- From: Ivan Herman <ivan@w3.org>
- Date: Wed, 21 May 2014 12:35:37 +0200
- To: Andy Seaborne <andy@apache.org>
- Cc: W3C CSV on the Web Working Group <public-csv-wg@w3.org>
- Message-Id: <A291B85E-2ABD-478E-8E24-19FFD8028945@w3.org>
On 20 May 2014, at 23:00 , Andy Seaborne <andy@apache.org> wrote:
> On 20/05/14 11:59, Ivan Herman wrote:
>>
>> On 20 May 2014, at 12:16 , Andy Seaborne <andy@apache.org> wrote:
>>
>>> On 20/05/14 05:52, Ivan Herman wrote:
>>>> But also... If my application needs (forgive me:-) RDF/XML, but
>>>> the author of the metadata has put in the row-level template
>>>> using JSON-LD as a base syntax, then I need a JSON-LD parser to
>>>> make any sense of it, right? In other words, the field-level
>>>> template approach is RDF syntax independent. That seems to be
>>>> another major difference, too...
>>>>
>>>
>>> We're defining the correct output of a conversion process when the
>>> input is the metadata (without any user templates). We aren't
>>> requiring the processor does exactly and only those steps. It
>>> outputs whatever format(s) it supports.
>>>
>>> Adding user templates is 'advanced' and if we want to allow
>>> control of the shape of the RDF emitted (c.f. Jeremy's example) we
>>> do need to have a language for describing shape. However, that's
>>> not the required mechanism for implementation of metadata\templates
>>> to RDF.
>>>
>>
>> I am still trying to turn my head around it; sorry if I am slow...
>> Is this so that (at least conceptually for the user):
>>
>> - The 'field level templates', essentially as I described and used
>> in [1] can be used essentially as described there (what templates
>> exactly do is something that we still have to define, but I guess we
>> have an idea about a simple mechanism, like the one in R2RML)
> > - There is, _additionally_, the possibility to define a 'shape', ie, a
>> row level template; if present, that replaces the mechanism described
>> in [1]
>
> Yes.
>
Great!

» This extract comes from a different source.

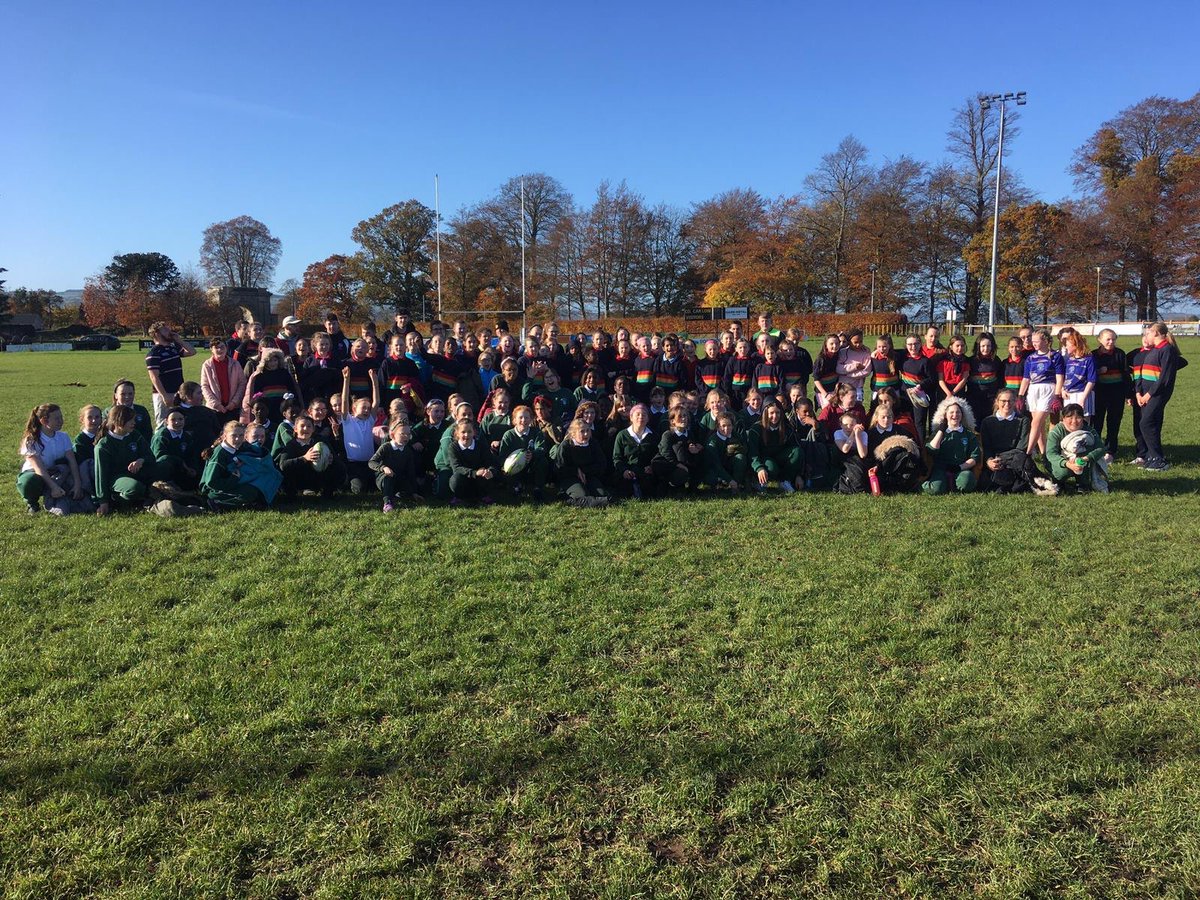 IT Carlow Rugby (@itcarlowrugby) on Twitter photo Great fun for our BA Sports Coaching & Business students coaching 250 kids in <a href="/carlowrugby/">Carlow Rugby</a> this morning #FromTheGroundUp | #CantSeeCantBe Great fun for our BA Sports Coaching & Business students coaching 250 kids in <a href="/carlowrugby/">Carlow Rugby</a> this morning #FromTheGroundUp | #CantSeeCantBe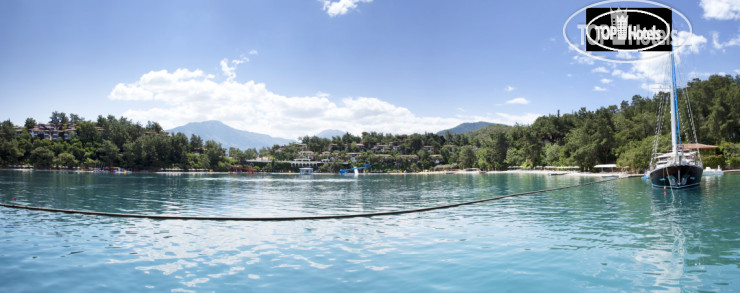 Hotelier's photos Club & Hotel Letoonia 5*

At least we have a common understanding:-)
> 'field level templates' has another, different dimension that {col} simply isn't enough to generate output (URI construction, transformation of values e.g. upepr/lower case, trim, extracting part of a field, ... and all the ETL-like themes).
Yes, and I think I used the term 'template' in a kind of generic (and-to-be-defined) way. Maybe 'transformation' may be a better term, and it may include some common features that are widely used and implemented:
- simple text replacement, like {...} for field names
- regular expression based replacement
- upper/lower case
In the metadata scheme one would probably have something like
"transformation" : [
{
"type" : "template",
"value" : "..."
},
{
"type" : "regex",
"value" :...
}
]
and the execution would be serially done on the field.
>
> Templating for shape only used uses field values (that needs to be tested - it might be insufficient).
>
>> (Specification-wise, one can of course turn things upside down,
>> describe the 'shape' template mechanism and, if, for a specific
>> data, no shape is defined, one could virtually generate such a shape
>> from the metadata. But that is for specification writers and,
>> possibly, for implementers.)
>
> That is what I am suggesting.
>
> It means there is smooth progression from simple to shape-based conversion.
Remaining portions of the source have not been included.